## YOUR OBJECTIVE
Your reply must contain the lines from the one with "Lamborghini Countach 5000" through the last line of the material, exact and complete, with no pictures and no other text.

## INFORMATION SHOWN
----
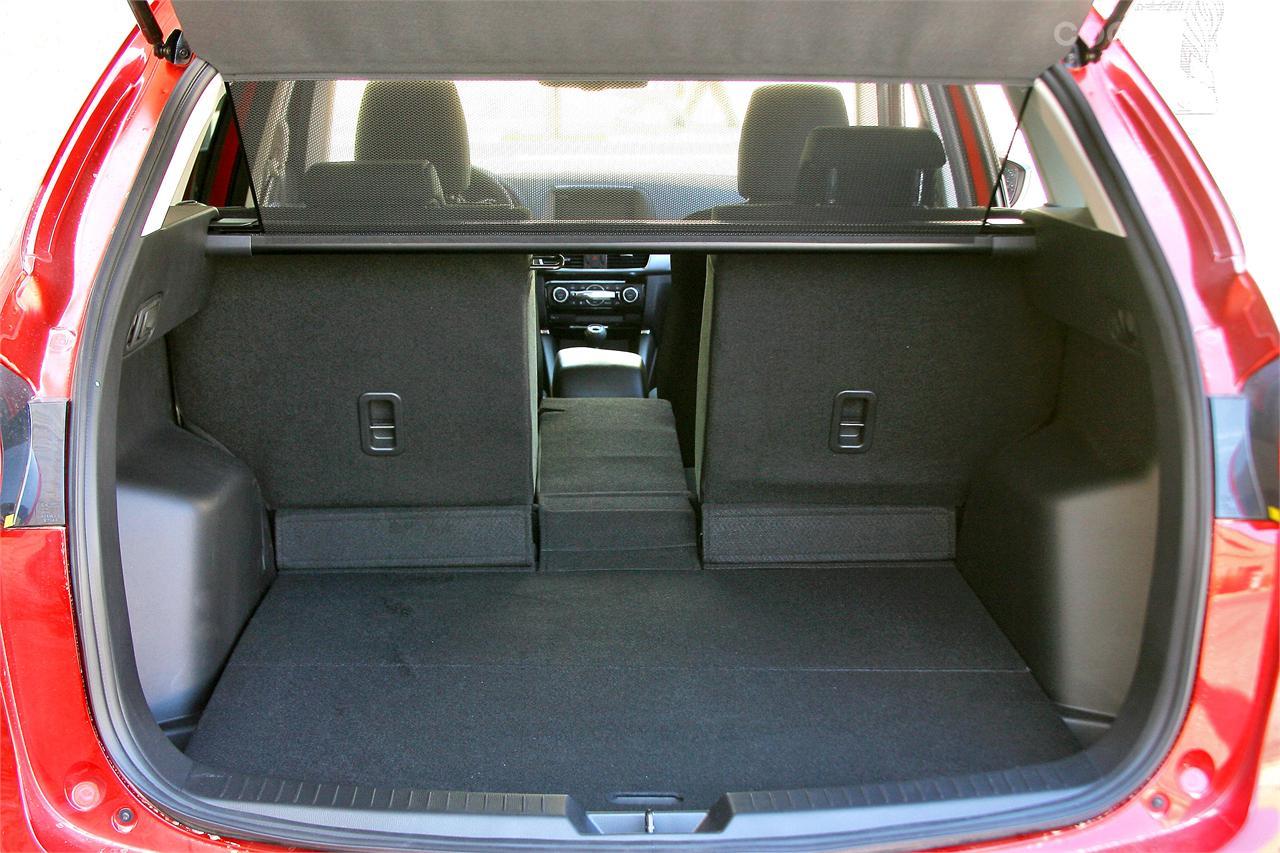 Podemos abatir los asientos con las palancas situadas a ambos lados del maletero.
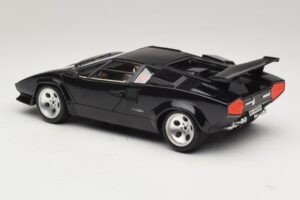 Lamborghini Countach 5000 Quattrovalvole Černý Bburago 1:18 3337 Kov – obrázek 7 z 8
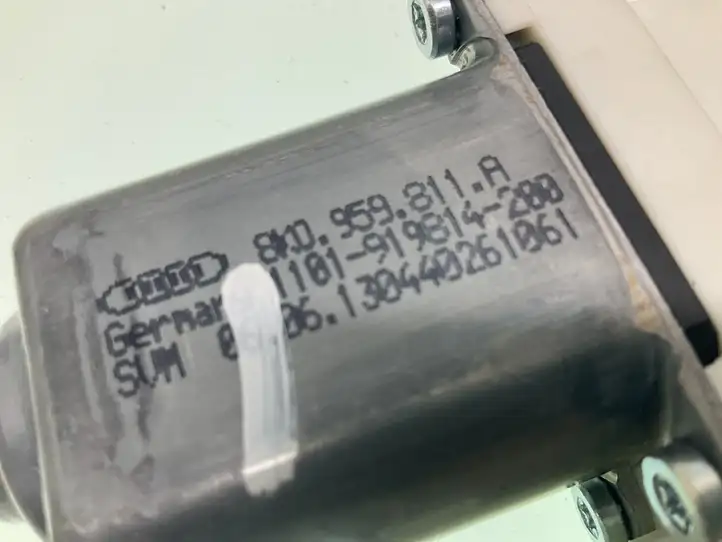 (2014 - 2018) 8K0959811A Стеклоподъемник задней двери — фото 3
----
## REPLY TO THE EXERCISE
 Lamborghini Countach 5000 Quattrovalvole Černý Bburago 1:18 3337 Kov – obrázek 7 z 8
 (2014 - 2018) 8K0959811A Стеклоподъемник задней двери — фото 3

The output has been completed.